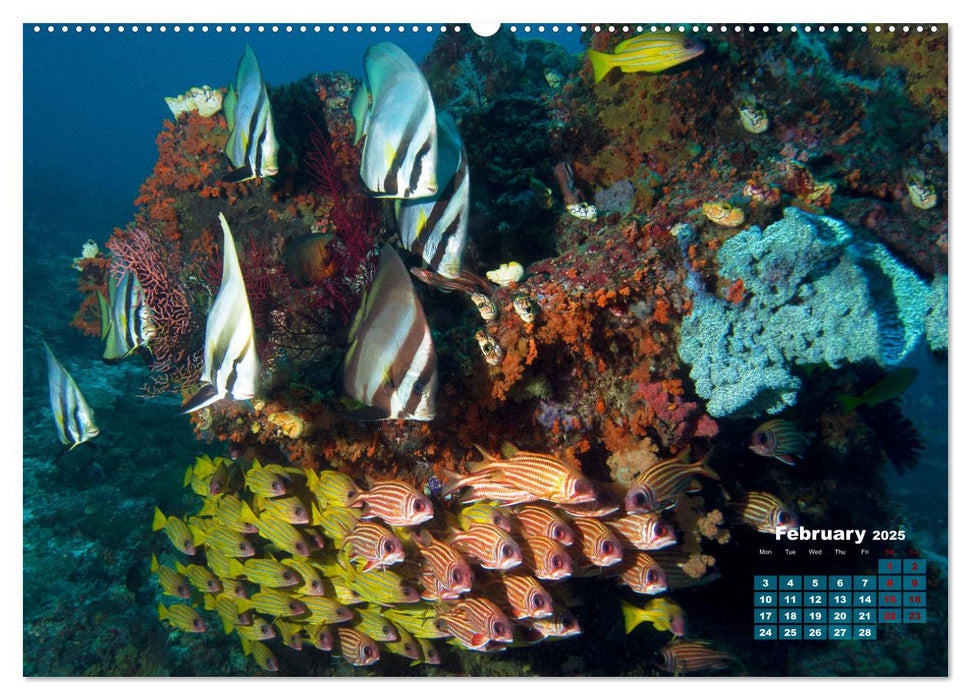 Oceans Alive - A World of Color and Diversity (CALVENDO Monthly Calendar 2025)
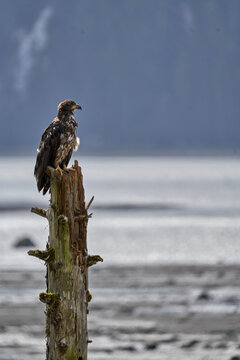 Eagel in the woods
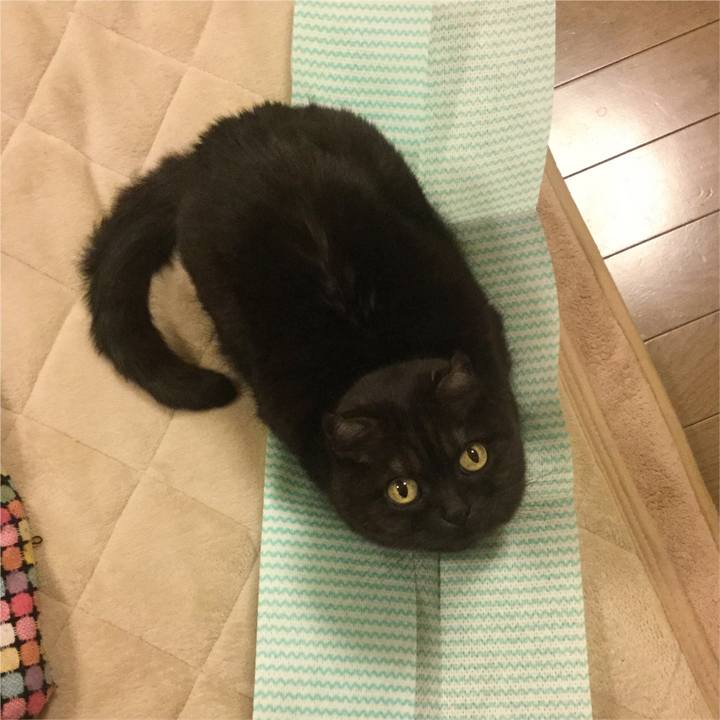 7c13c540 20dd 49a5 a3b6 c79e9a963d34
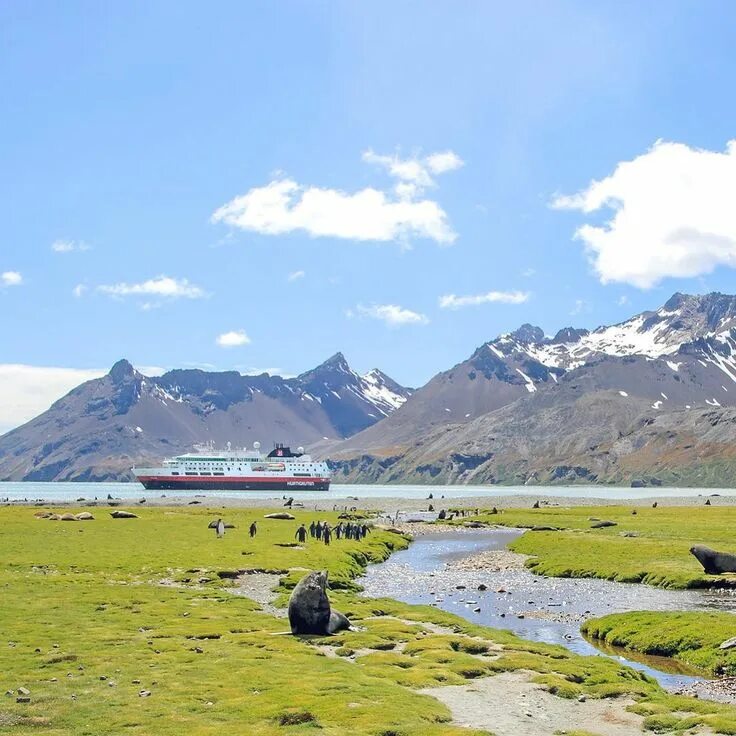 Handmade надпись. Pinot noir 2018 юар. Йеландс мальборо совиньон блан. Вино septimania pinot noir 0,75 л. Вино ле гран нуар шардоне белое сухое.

BRIEF =
Return the full material word for word. Do not include the pictures.

YOUR RESPONSE =
 Oceans Alive - A World of Color and Diversity (CALVENDO Monthly Calendar 2025)
 Eagel in the woods
 7c13c540 20dd 49a5 a3b6 c79e9a963d34
 Handmade надпись. Pinot noir 2018 юар. Йеландс мальборо совиньон блан. Вино septimania pinot noir 0,75 л. Вино ле гран нуар шардоне белое сухое.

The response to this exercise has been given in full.